/---

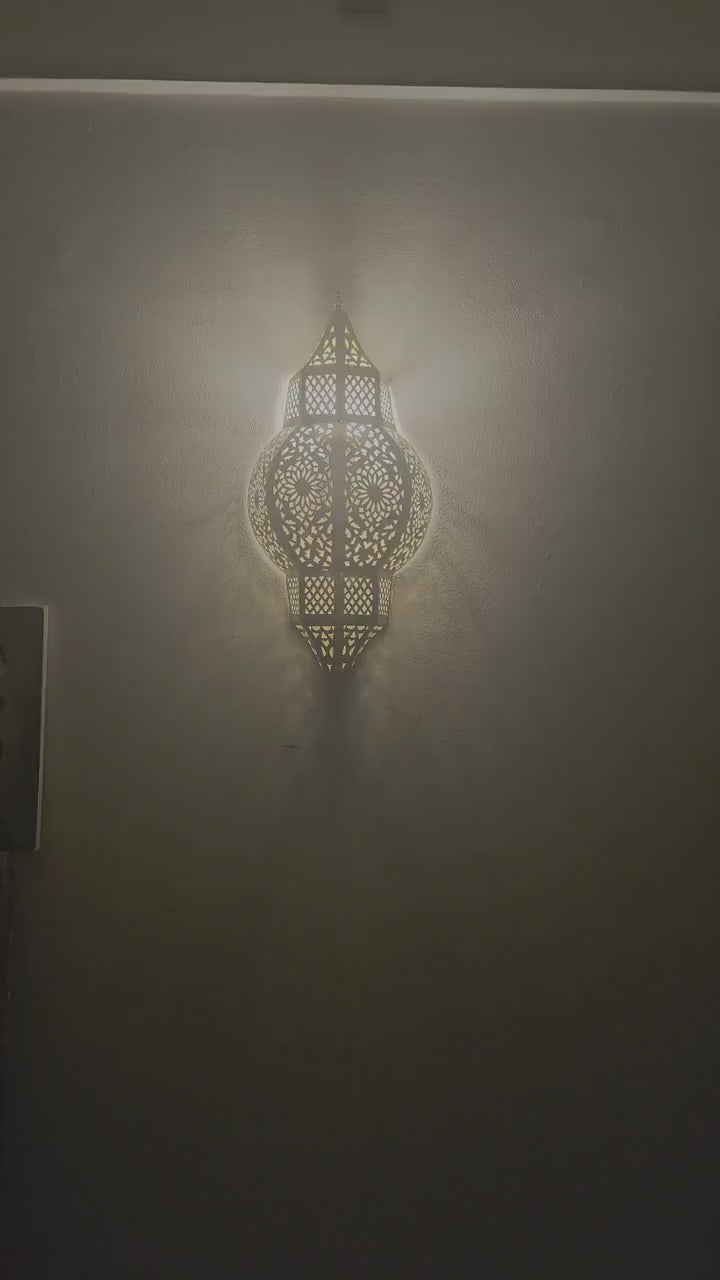 Moroccan handmade sconce brass wall light (kamila)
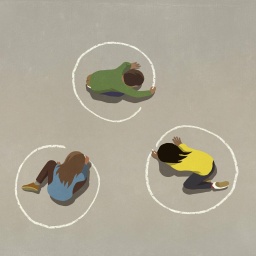 Illustrion zeigt drei Kinder, die mit Kreide Kreise um sich selbst ziehen zur sozialen Distanz.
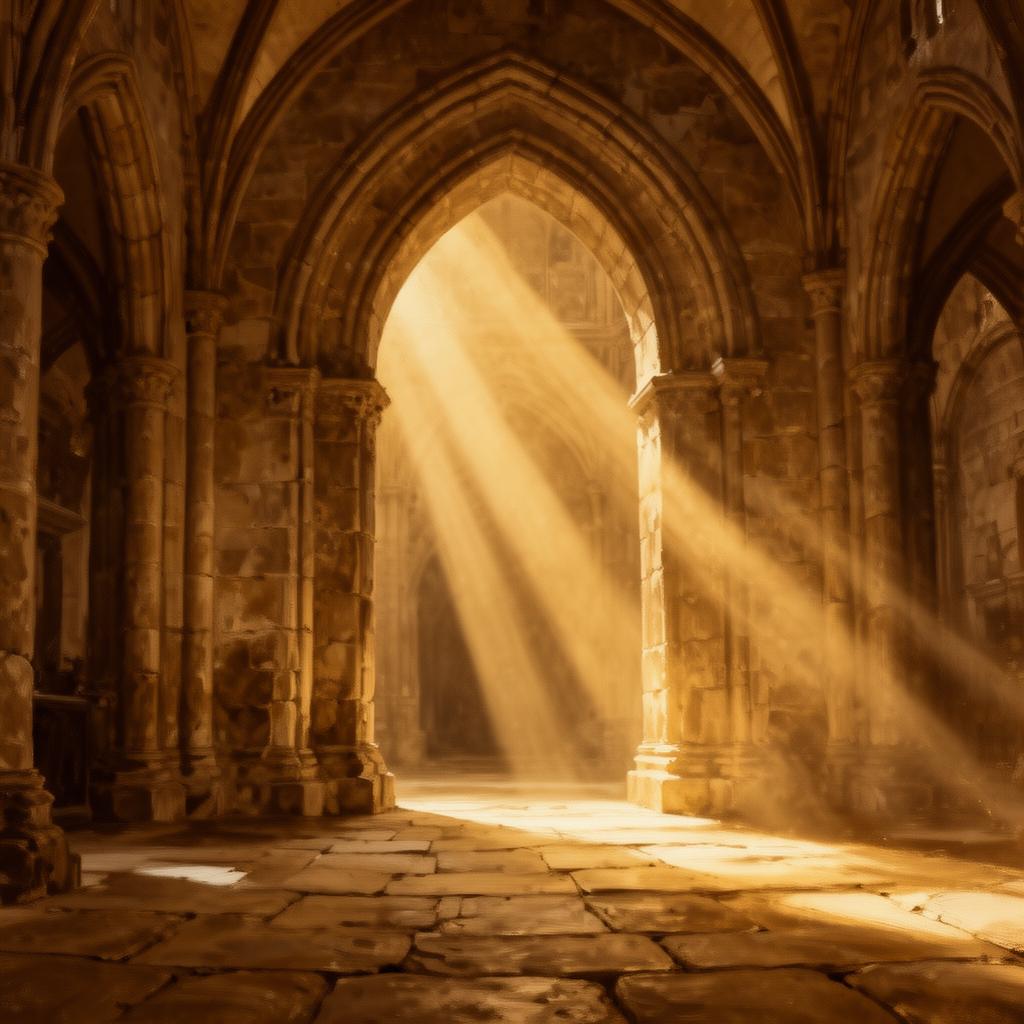 Light streaming through a stone archway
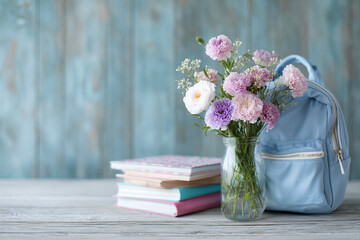 composition of book pile, school bag and a flower bouquet for the teacher on the Knowledge day on blurred background, copy space. 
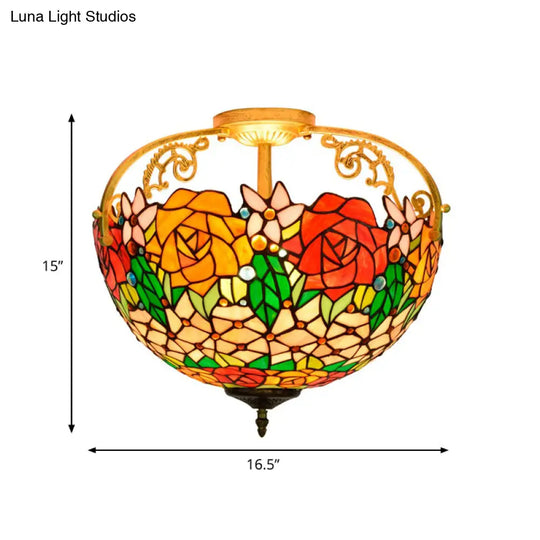 Elegant Mediterranean Cut Glass Rose Semi Flush Lighting - 3 - Light Beige/Pink/Orange Ceiling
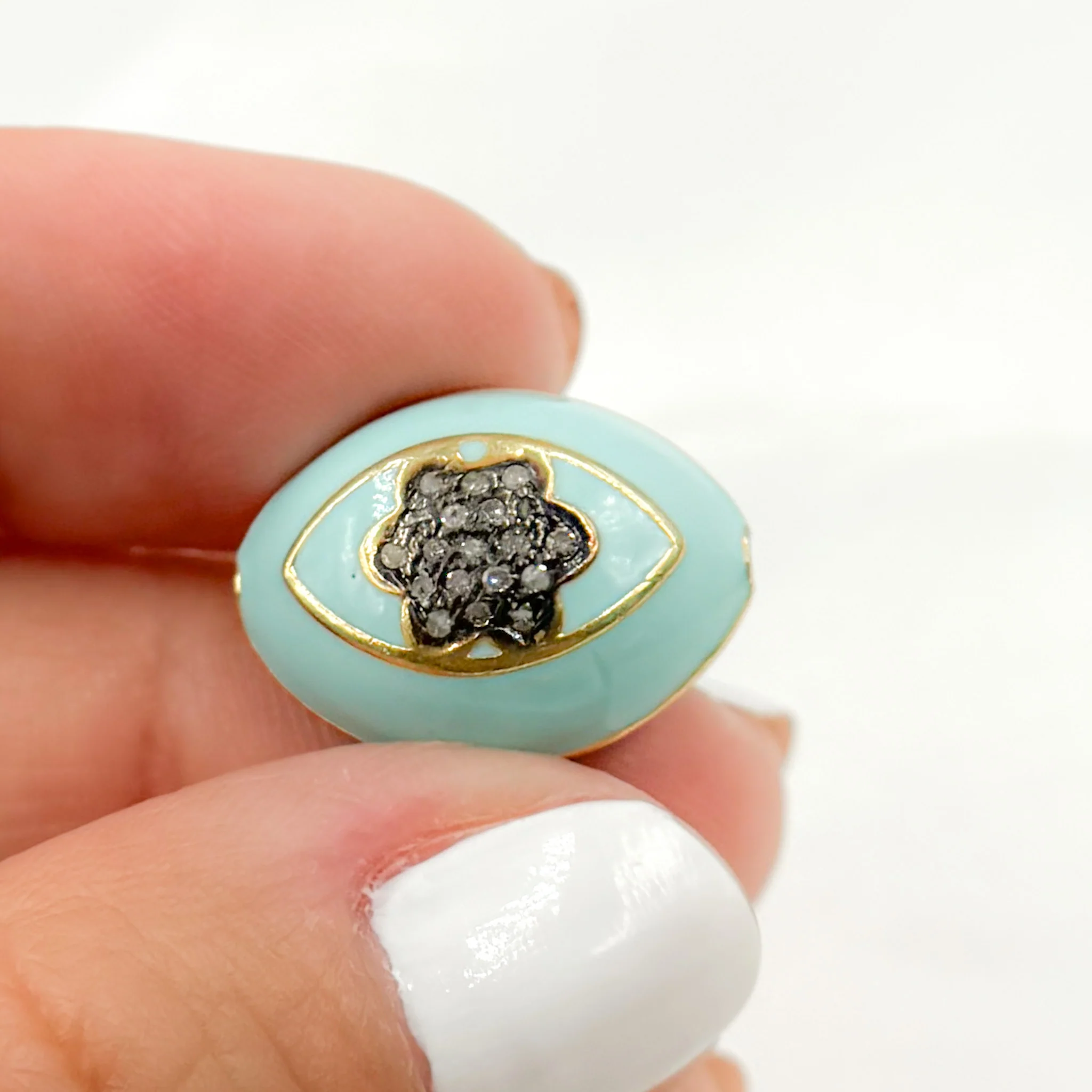 DC413A. Diamond Sterling Silver Marquise Flower Enamel Bead - Image 2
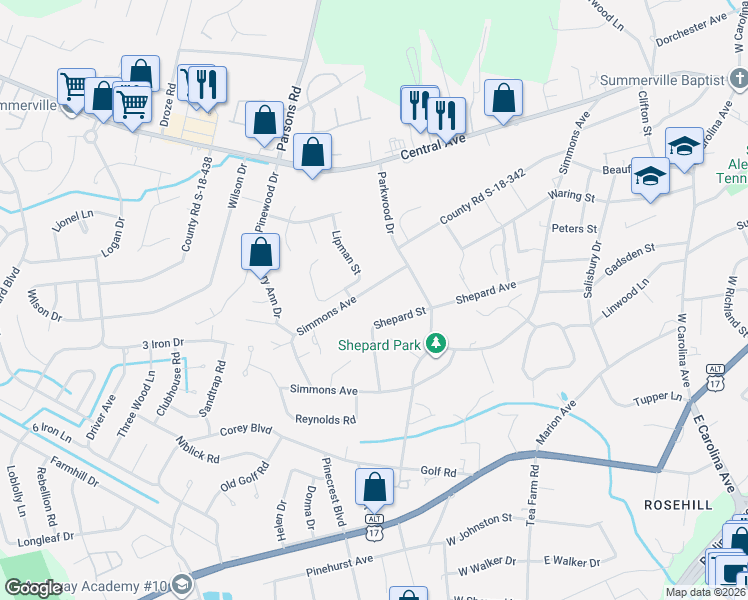 map of restaurants, bars, coffee shops, grocery stores, and more near 214 Shepard Street in Summerville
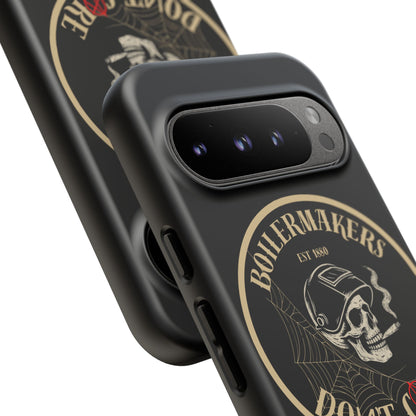 Boilermakers Don’t Care Phone Case — full-wrap skull design, drop-tested protection with attitude. Built tough for the hands that make the world work.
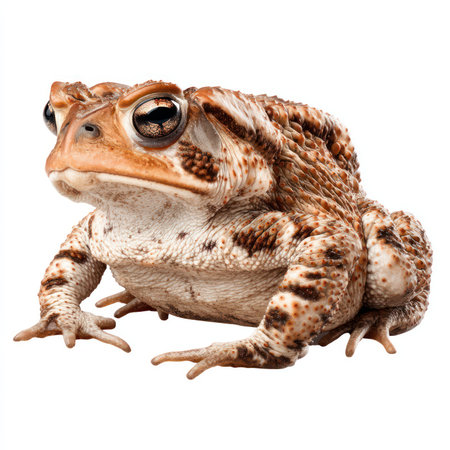 This high-quality image features a detailed close-up cutout of a toad, showcasing its unique texture...
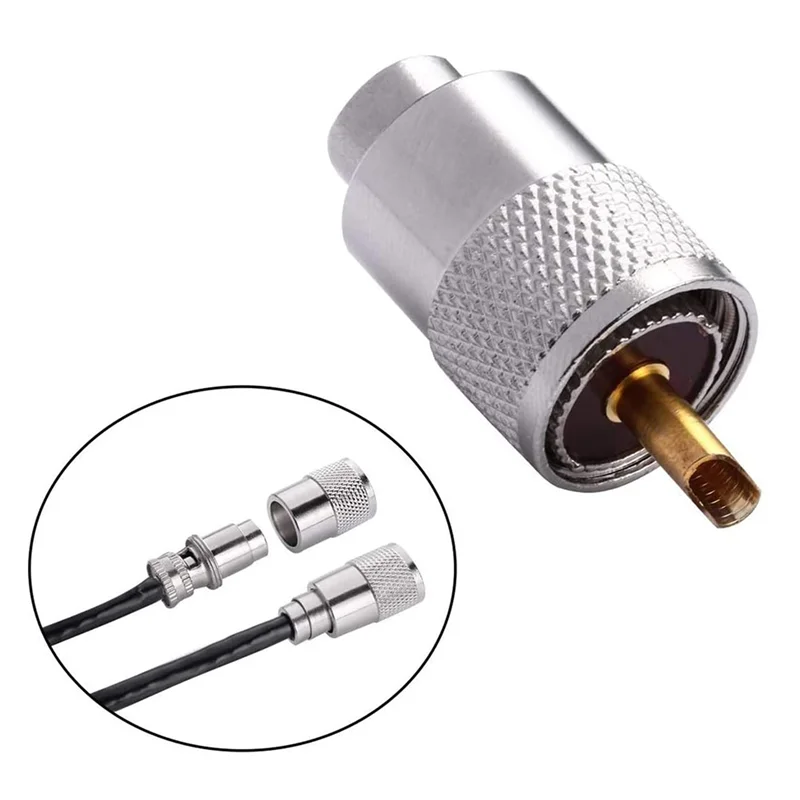 

B86B-50 Pack UHF/PL-259 Разъем для пайки с редуктором для коаксиального коаксиального кабеля RG8X, RG8, RG59, LMR-400, RG-213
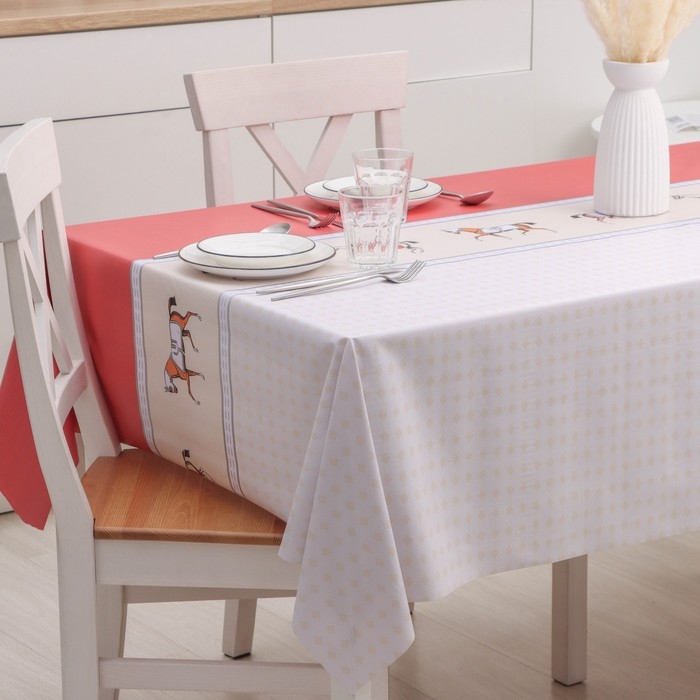 Клеёнка на стол «Скачки», на тканевой основе, рулон 20 метров, ширина 137 см Клеёнка на стол «Скачки», на тканевой основе, рулон 20 метров, ширина 137 см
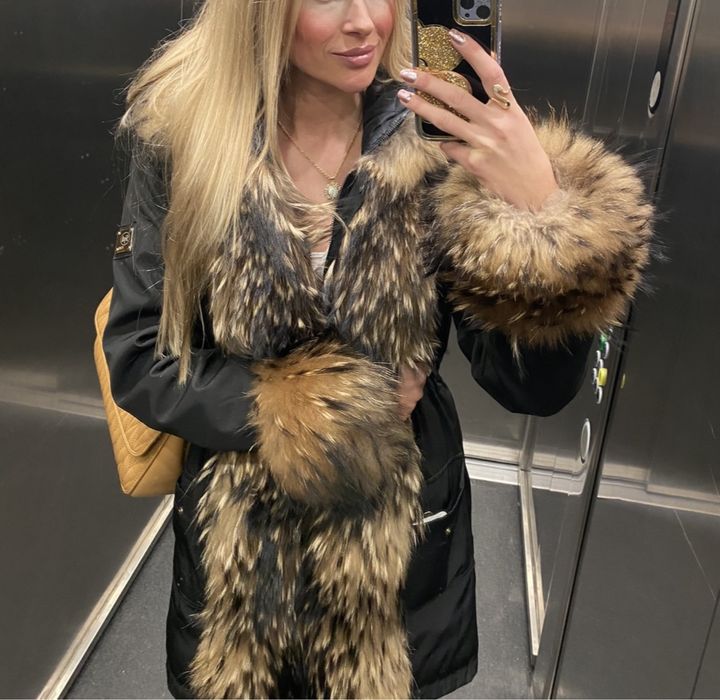 Parka z prawdziwym jenotem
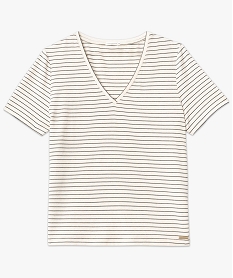 tee-shirt manches courtes a rayures pailletees femme - lulucastagnette beige t-shirts manches courtesF147701_4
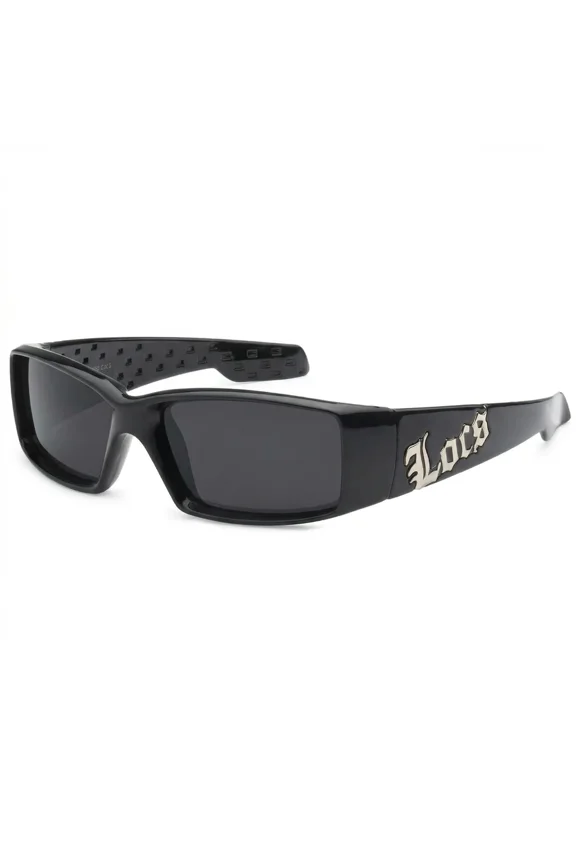 Locs Rectangular Gangster BLACK Sunglasses Men's Designer Cholo Shades New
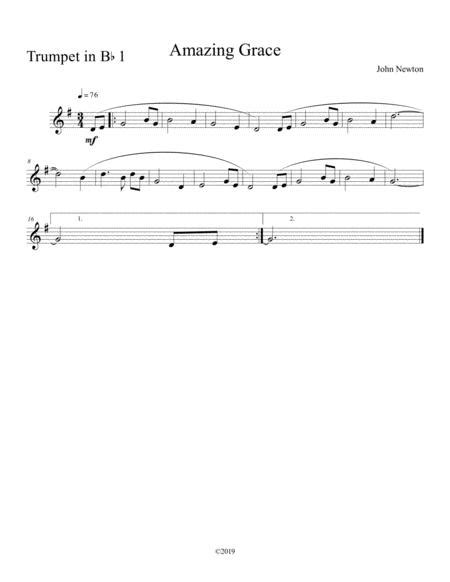 Amazing Grace For Trumpet Duet By John Newton Digital Sheet Music For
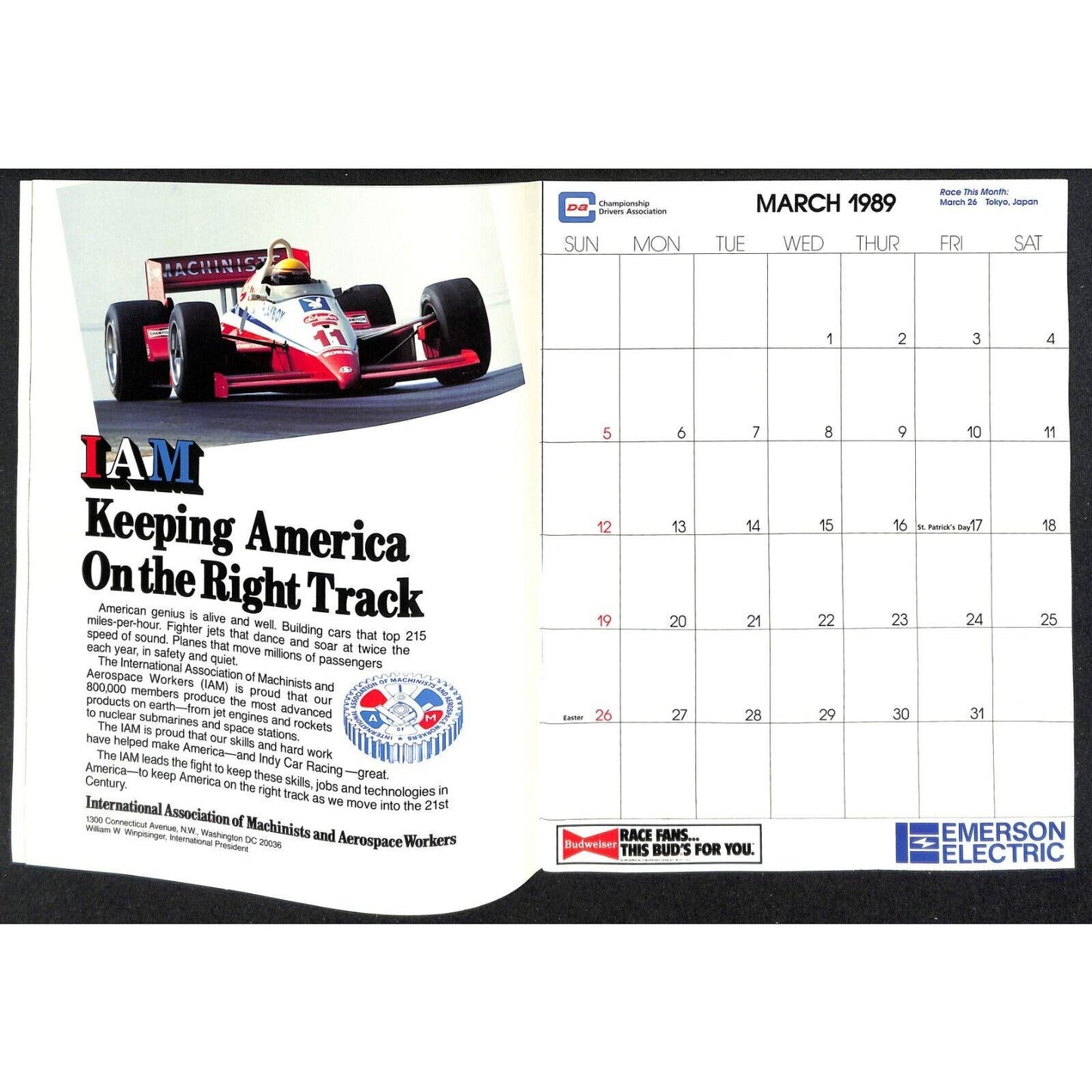 1989 Indy 500 PPG CDA Championship Drivers Assoc. Calendar w/ Danny Sullivan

\---

Instructions for the task
Taking the material above, give again exactly the lines from the one holding "B86B-50 Pack UHF/PL-259" through the one holding "Amazing Grace For", with both ends and without pictures.

Exercise response
B86B-50 Pack UHF/PL-259 Разъем для пайки с редуктором для коаксиального коаксиального кабеля RG8X, RG8, RG59, LMR-400, RG-213
 Клеёнка на стол «Скачки», на тканевой основе, рулон 20 метров, ширина 137 см Клеёнка на стол «Скачки», на тканевой основе, рулон 20 метров, ширина 137 см
 Parka z prawdziwym jenotem
 tee-shirt manches courtes a rayures pailletees femme - lulucastagnette beige t-shirts manches courtesF147701_4
 Locs Rectangular Gangster BLACK Sunglasses Men's Designer Cholo Shades New
 Amazing Grace For Trumpet Duet By John Newton Digital Sheet Music For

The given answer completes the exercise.